Госпожа Санд еще больше высохла, но по-прежнему uo-детски обаятельна и весела, как старушки минувшего столетия. Тургенев говорит, и никто не прерывает этого великана с ласковым голосом, в рассказах которого всегда звучат нотки волнения и нежности.
Флобер рассказывает драму о Людовике XI, которую, по его словам, он написал в коллеже; вот как в этой драме народ сетовал на свою нужду: "Монсеньер, нам приходится приправлять овощи солью наших слез".

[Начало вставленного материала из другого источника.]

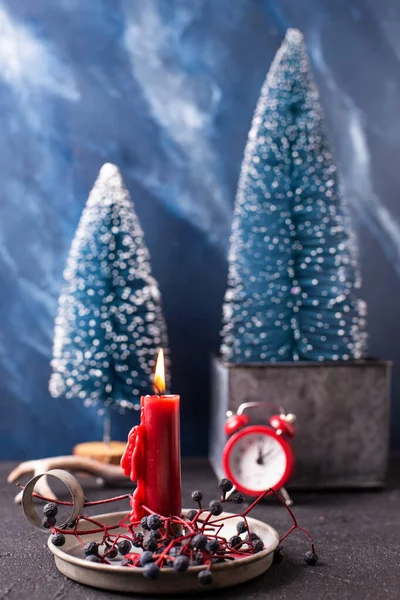 圣诞装饰品红色燃烧的蜡烛 在野蓝浆果 红色时钟和蓝色装饰树的乡村持有人与蓝色纹理背景 斯堪的纳维亚简约主义风格 静谧的生活 — 图库照片
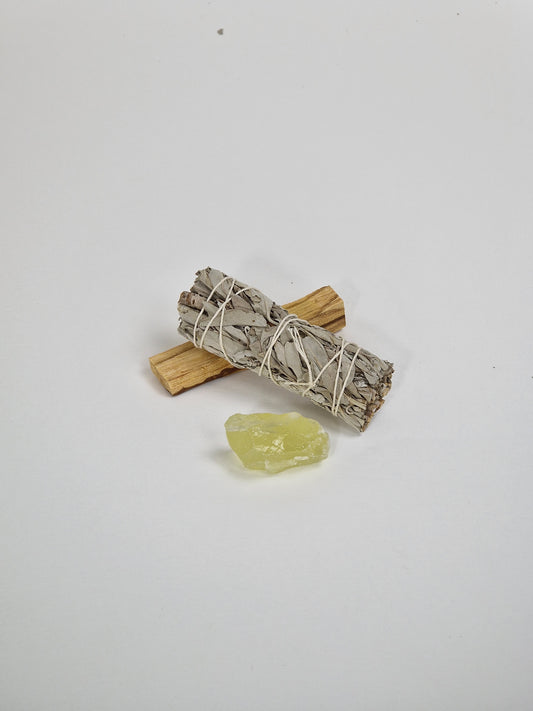Ein Paket mit einem rohen Citrinkristall, einem großen Bündel Salbei und einem Stück Palo Santo, dem heiligen Holz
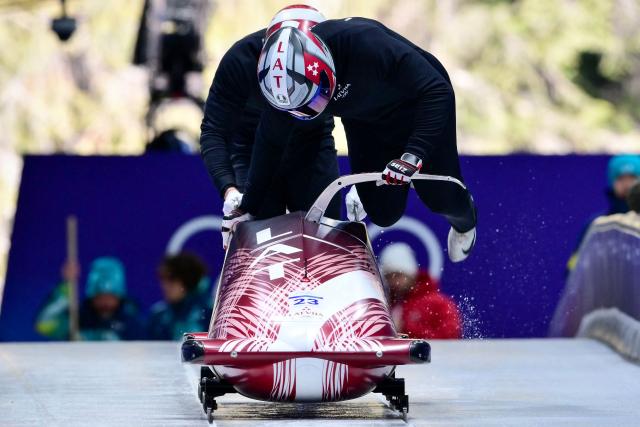 Latvia's Jekabs Kalenda pilots in the bobsleigh men's 2-man training Heat 3 at Cortina Sliding Centre during the Milano Cortina 2026 Winter Olympic Games in Cortina d'Ampezzo on February 13, 2026. (Photo by Stefano RELLANDINI / AFP)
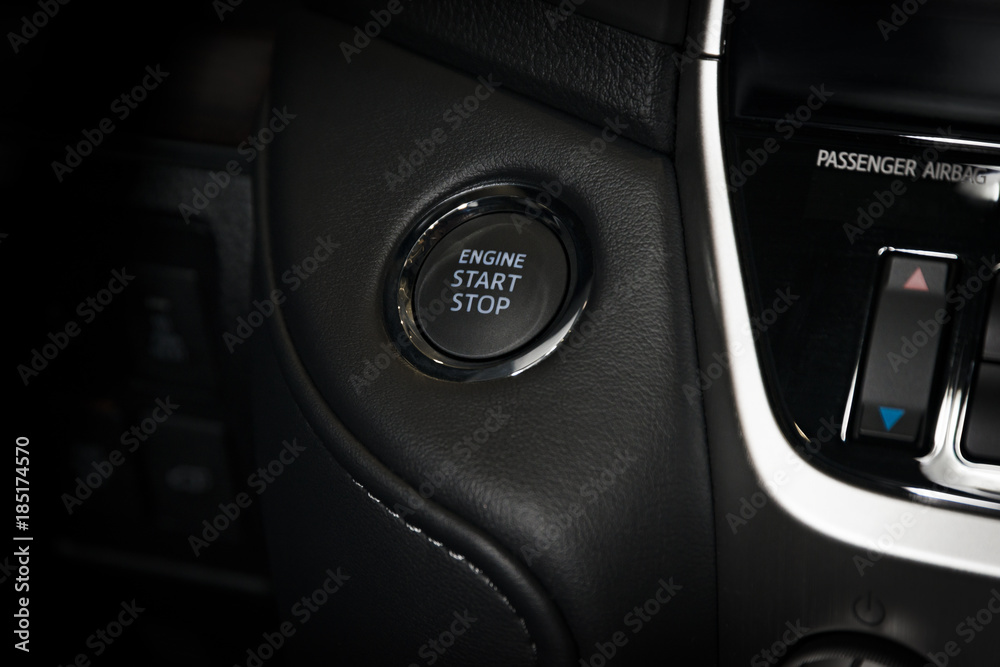 Engine start stop button in a modern luxury car interior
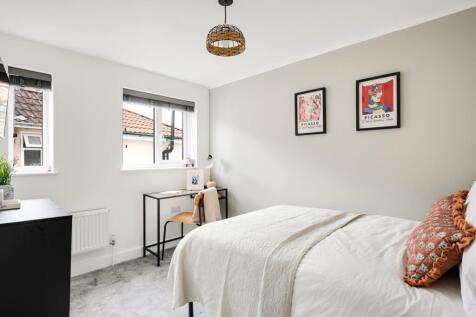 A bright and inviting double bedroom featuring ...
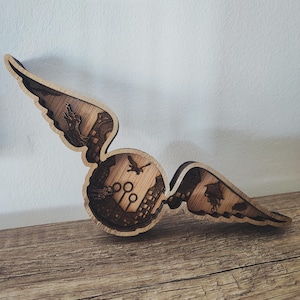 Può includere: Oggetto decorativo in legno raffigurante il Boccino d'Oro, con dettagli tagliati al laser. Il design presenta un centro rotondo con un paesaggio urbano e cerchi di Quidditch, affiancato da due ali. Un uccello vola al centro. In legno chiaro.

Этот рассказ наводит Тургенева на воспоминания о его детстве, о суровом воспитании, которое он прошел, о бурях возмущения, какие вызывала в его юной душе всякая несправедливость. Он вспоминает, что однажды, после того как гувернер за какой-то проступок хорошенько отчитал его, а затем выпорол и оставил без обеда, он ходил по саду и с каким-то горьким наслаждением глотал соленую влагу, которая стекала по его щекам в уголки рта.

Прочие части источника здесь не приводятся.